Anglers hexed by mayflies

Big hatch leaves several pros frustrated

LA CROSSE, Wis. — Local fly fishers know it as "the Hex hatch." And when compared to some in this area, the Hexagenia Limbata mayfly hatch that began Saturday night and continued into Sunday wasn't newsworthy — nothing like the hatches that have required snowplows to clear them off bridges, or the ones so intense they showed up on Doppler radar.

But this one was enough to leave some anglers feeling hexed on the final day of the Bassmaster Elite Series Mississippi River Rumble.

"I would have given a hundred-dollar-bill for one mayfly (lure) today," said Bill Lowen of Brookville, Ind., who finished seventh with 57 pounds, 10 ounces over the four-day tournament.

Lowen had the second-largest five-bass limit of the 12 finalists. With 15-1 on the day, he finished 4 pounds, 10 ounces behind winner Todd Faircloth of Jasper, Texas. But Lowen thought he could have done much better, with the right lure.

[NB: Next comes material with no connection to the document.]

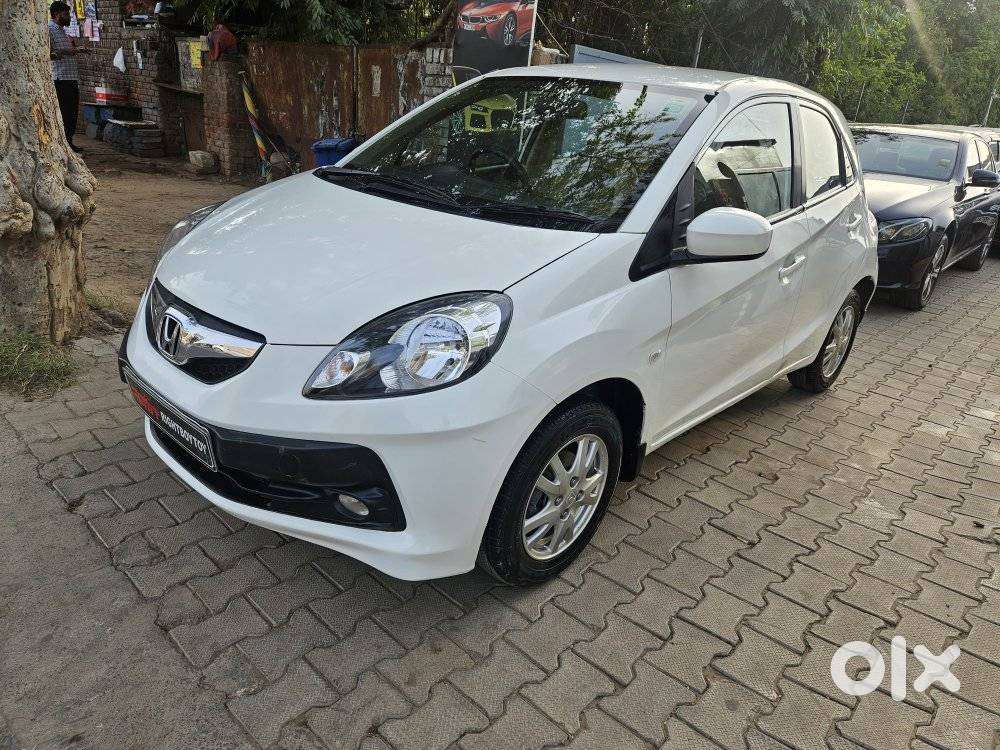 Honda Brio V Automatic, 2014, Petrol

"I pulled up on this spot and saw all these bugs coming down the current seam," he said. "It looked like trout coming to the surface, so I stopped there for a minute to watch."

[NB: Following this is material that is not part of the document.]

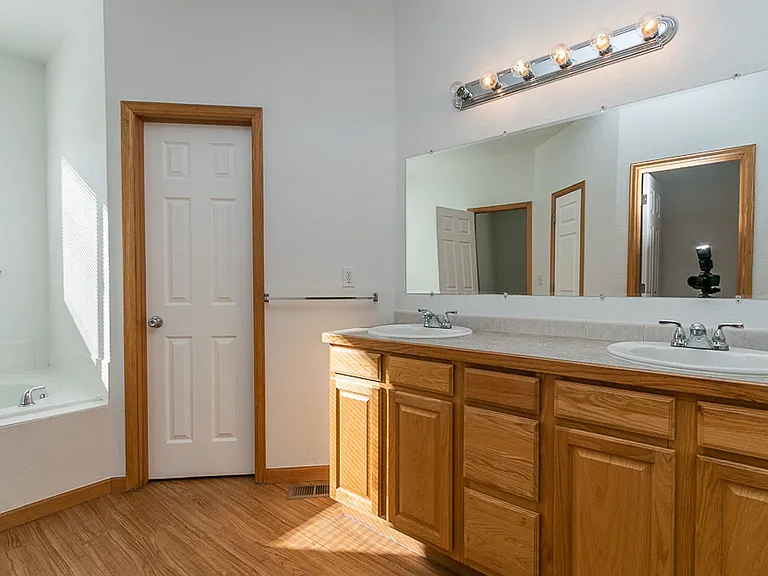 6708 Sage Ave — Photo 17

At first, Lowen saw only six- to eight-inch smallmouth bass rising to sip these big mayflies off the surface. Then he glanced further down the current seam, where the mayflies were piling up, and couldn't believe his eyes.

"I'm talking fours-, fives and maybe some six-pounders," he said. "You can see their brown-and-black backs and all the bars on their sides. I start trying everything I can to get them to bite."

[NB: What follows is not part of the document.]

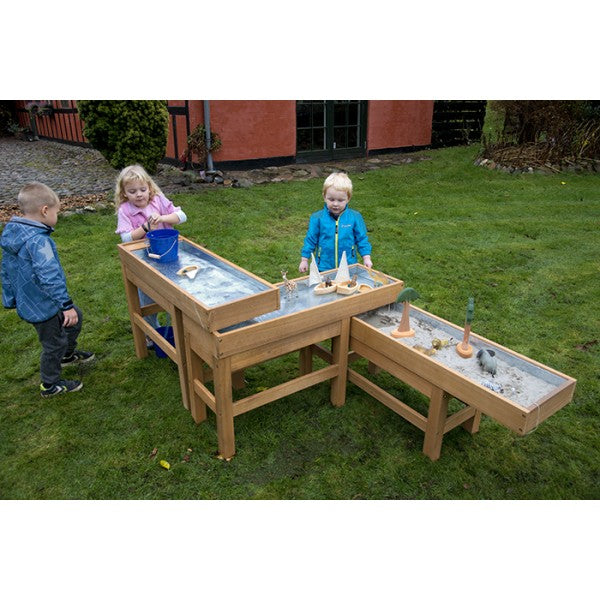 Ease Outdoor Water and Sand Table with Pump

Lowen caught one 3 ½-pounder on a tube bait, but couldn't coax another strike.

"A hundred casts later, after I tried everything I could think of, I finally said, 'I've got to go,'" Lowen recalled. "I may never be in that situation ever again, but I'm going to have something that looks like a big mayfly. I was looking at 20 pounds.

"I've never seen anything like it. It was incredible."

Lowen did catch plenty of smallmouth bass Sunday, just none of those big ones that were dieting strictly on mayflies.

"I probably caught 20 smallmouth," he said. "They'd shake their head when I got them in the boat and cover the front deck with mayflies."

The Hexagenia Limbata mayfly species is the second-largest of these aquatic insects in North America. They're also called the "Giant Michigan Mayfly"; they're over an inch long. In recent years this stretch of the Mississippi River near La Crosse has made headlines for its incredible "Hex hatches." On May 29, 2010, the hatch was so thick it showed up on Doppler weather radar. In recent years, the city has brought out snowplows to clear bridges and road where the mayflies piled up.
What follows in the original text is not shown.